While often used interchangeably, Data Preprocessing and Feature Engineering serve distinct purposes. Data Preprocessing ensures data quality, while Feature Engineering enhances a model's predictive value.
Data Preprocessing
Data Preprocessing is tasked with tidying up the raw, messy dataset to make it suitable for feature engineering.
Key Tasks
Handling Missing Data: There are multiple ways to handle missing data, from simple imputation strategies to more advanced techniques. The approach chosen depends on the type and extent of missingness in your dataset.
Removing Duplicates and Outliers: Duplicate records can occur due to data entry errors or system glitches, leading to biased results. Outliers are data points that deviate significantly from the rest of the dataset. It is vital to analyse the cause of outliers before deciding to remove them — some carry valid information.
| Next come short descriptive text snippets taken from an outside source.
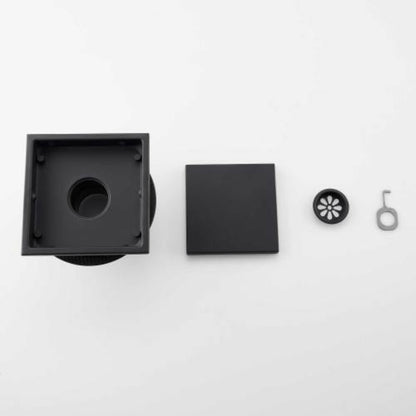 Matte Black 6-Inch Square Shower Floor Drain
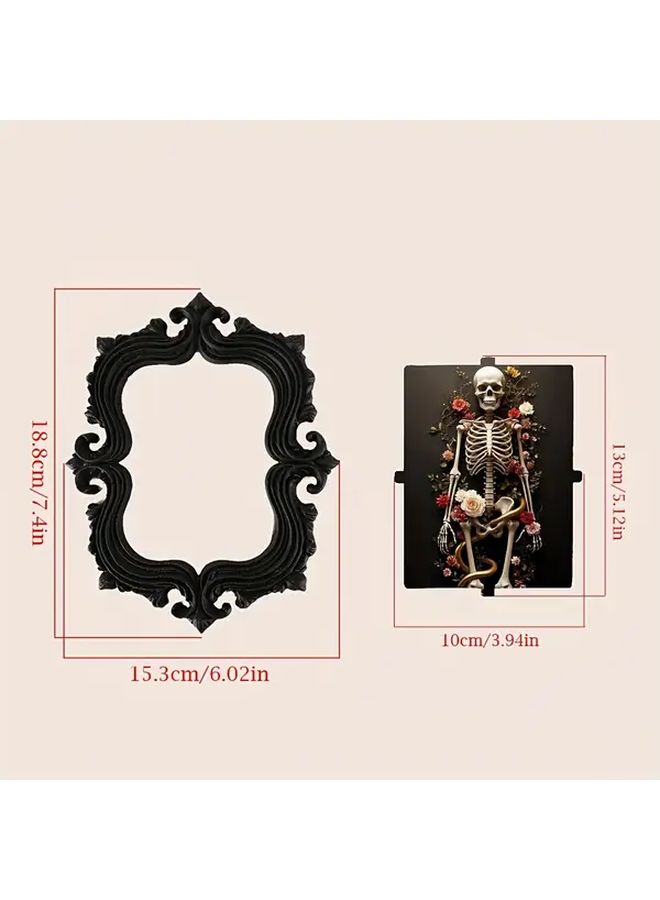 1pc Gothic Vintage Carved Photo Frame Black Plastic With Skull And Floral Design Dark Mystery Art For Home Decor Unique Aesthetic Statement Piece No Electricity Needed Intricate Carvings Durable Plastic Detailed Craftsmanship Skeleton Decorative Wall Art - Image 2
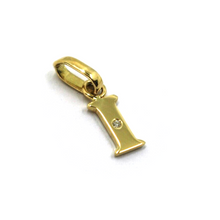 Load image into Gallery viewer, 18k yellow gold pendant charm small initial letter I, 10mm, 0.4", with diamond.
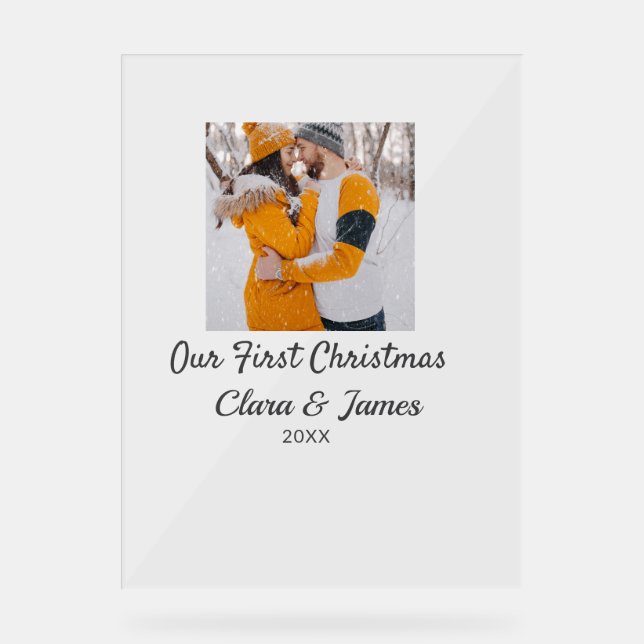 Modern boho unser erstes Weihnachts-Foto Acrylschild (Vorderseite)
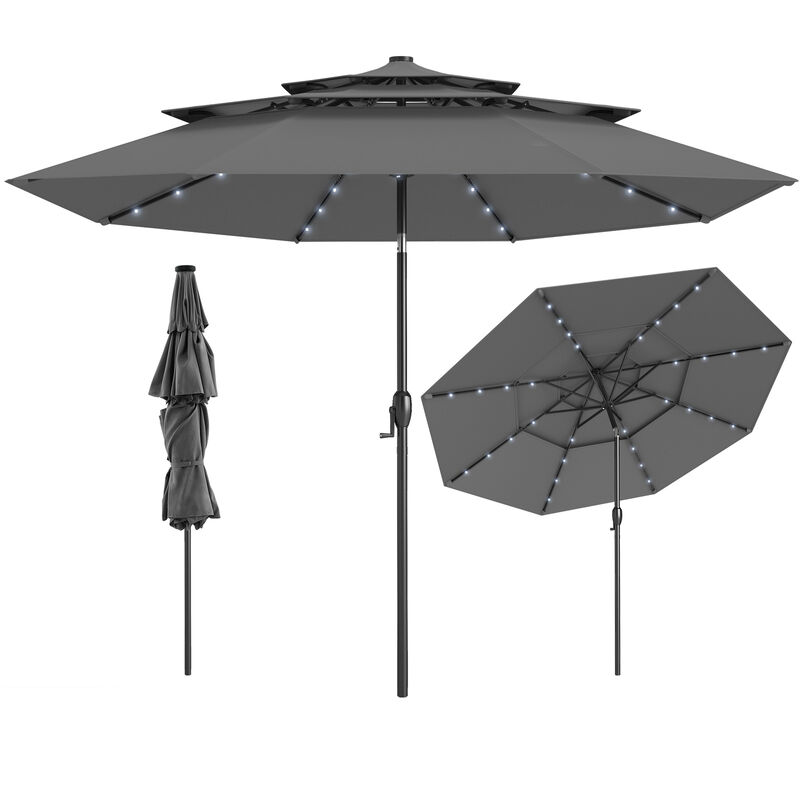 Solar Patio Umbrella with 32 LED Lights 3-Tier Vented Top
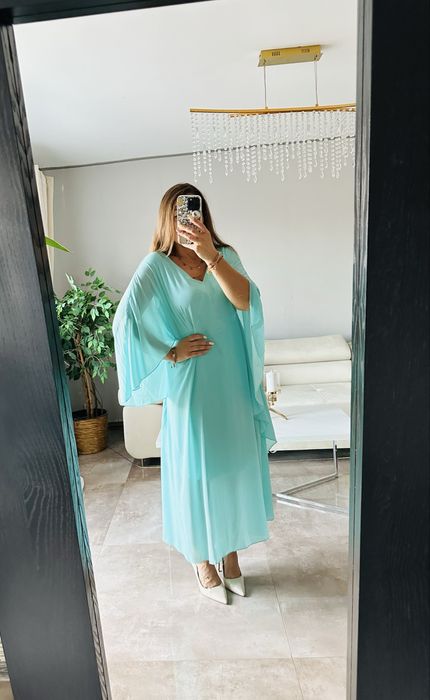 Wieczorowa zwiewna dluga sukienka plus size z narzutką, 2XL, 3xL
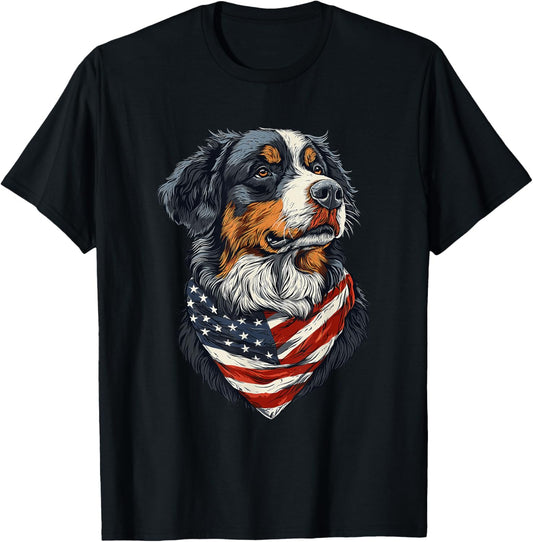 Bernese Mountain Dog American Flag T-Shirt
Scaling and Normalisation: These techniques standardise the range of numerical features so they are on a similar scale. Scaling adjusts the range of features to ensure they are comparable in magnitude. Normalisation (min-max scaling) rescales features to fit within a specific range, typically 0 to 1. Standardisation scales data with a mean of 0 and a standard deviation of 1.
Encoding Categorical Variables: Since most machine learning algorithms work with numerical data, categorical variables must be transformed into numerical representations. Nominal categories (no inherent order) benefit from one-hot encoding or dummy encoding. Ordinal categories (meaningful order) use label encoding or ordinal encoding.
Feature Engineering
Feature Engineering follows Data Preprocessing and creates new features or transforms existing ones to enhance the model's ability to detect patterns and make predictions.
Key Tasks
Feature Creation: Creating new features from existing ones in the dataset to capture additional relationships or underlying patterns. For example, extracting components like year, month, date, and day of the week from a date column.
Feature Transformation: Modifying existing features to make them more suitable for modelling. This step handles skewed data, outliers, or non-linear relationships through techniques like Logarithmic Transformation, Square Root Transformation, and Box-Cox Transformation.
Feature Extraction: Creating new features by transforming or combining existing ones into a lower-dimensional space while retaining most of the relevant information. Common techniques include Principal Component Analysis (PCA), Word Embeddings for text data, and Fourier transforms.
Feature Selection: Identifying and retaining only the most relevant features while removing irrelevant or redundant ones. This reduces noise, improves model efficiency, reduces overfitting, and speeds up training. Techniques can be classified as Wrapper, Filter, and Embedded Methods.
Conclusion
Data Preprocessing improves the quality of your dataset. As the saying goes, "Garbage in, garbage out." Feature Engineering focuses on improving model performance by providing more meaningful inputs. As Andrew Ng famously said, "Applied machine learning is feature engineering." Both steps are indispensable in building robust machine learning models — preprocessing ensures clean, consistent data, while feature engineering transforms that data into powerful inputs for your model.